Sasol amends ‘progressive’ dividend policy, management structures
Petrochemicals group Sasol has amended its “progressive” dividend policy, which sees dividends improved or maintained in line with the company’s earnings, in light of a low oil price environment and current macroeconomic conditions.
“The revised policy is based on a dividend cover range, which will be similar to the dividend cover rates applied from 2008 to 2014.
“The board considers that, in the current environment, this revised dividend policy, together with other [cash-conservation measures], will allow it to execute its growth programme while continuing to return value to shareholders through dividend payouts,” it said in a statement on Monday.

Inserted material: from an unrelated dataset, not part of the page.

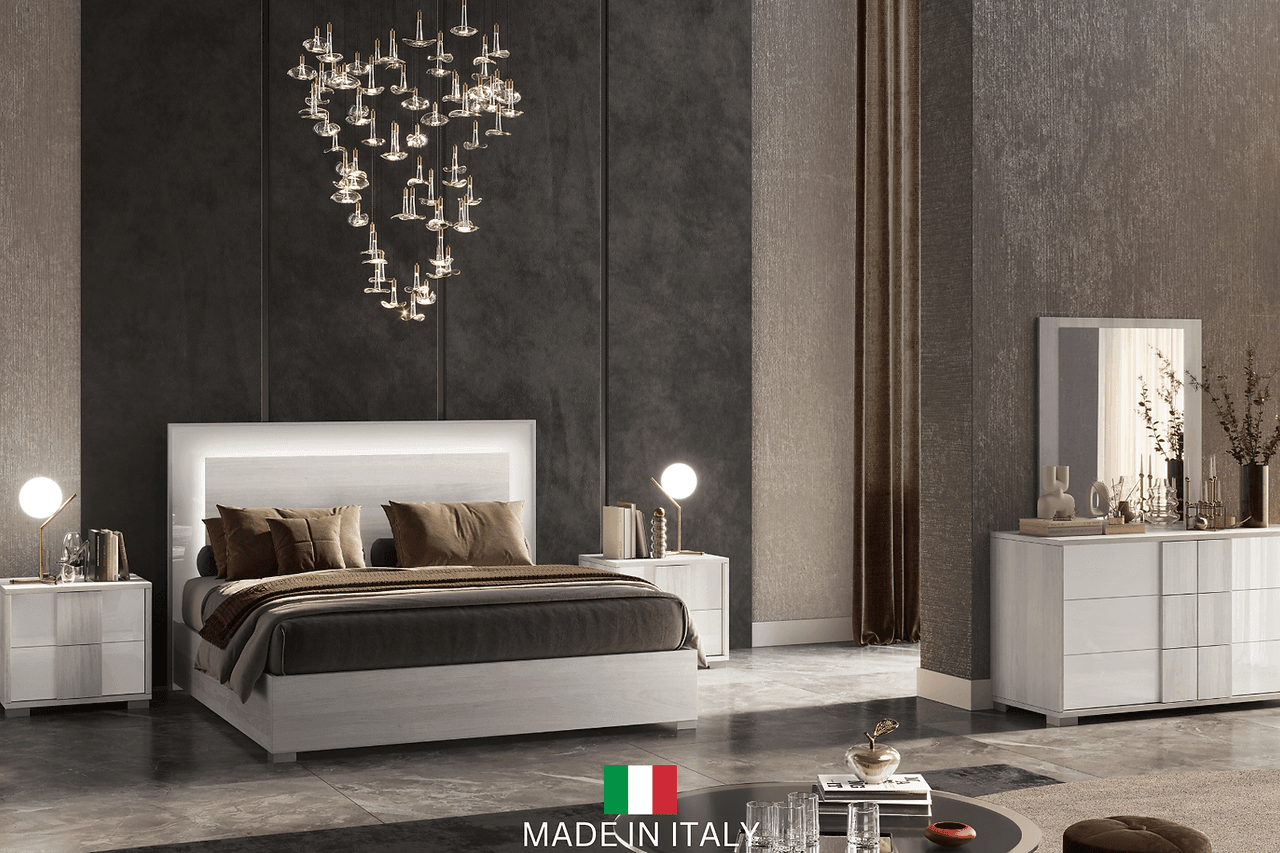 Tower White Modern Contemporary Traditional Solid Wood And Veneers 5-Drawers Chest - Ella Furniture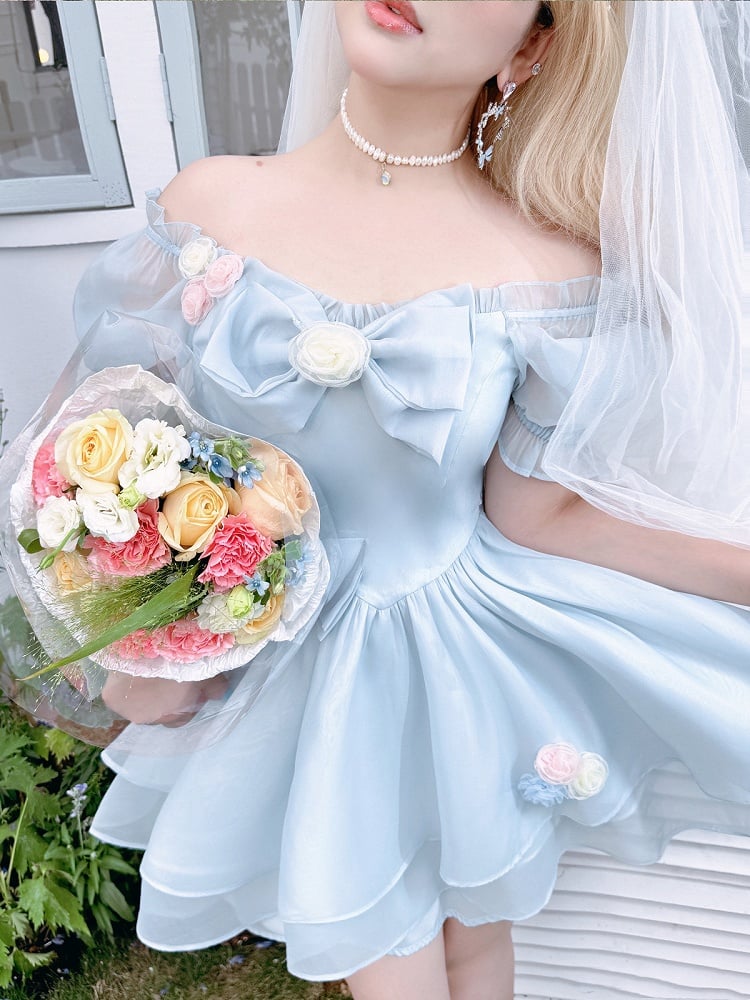 Plus Size Bowknot Details Light Blue Puff Sleeves Princess Dress Short Version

At close of trade on Wednesday, the group’s share price had dropped by 5.95% to R440.97 on the news.
This followed an announcement by the State-owned firm last month that it would implement a 30-month “response plan” to drive yearly savings of some R4-billion.
The plan would involve capital portfolio “phasing and reductions”, capital structuring, working capital improvements and margin enhancements, besides others.
Sasol added on Wednesday that it had made changes to its top management structures as part of an ongoing refinement of its operating model and to enable additional cost reductions.
The group had also decided to combine two of its reportable segments – Southern Africa Energy and International Energy, as well as their associated management structures – into one segment called Energy.
“Given this decision, Sasol’s segmental reporting will now consist of six reportable segments: Mining, Exploration and Production International, Energy, Base Chemicals, Performance Chemicals and Group Functional Support,” it outlined.
Sasol would announce its results for the first half of the 2015 financial year on March 9.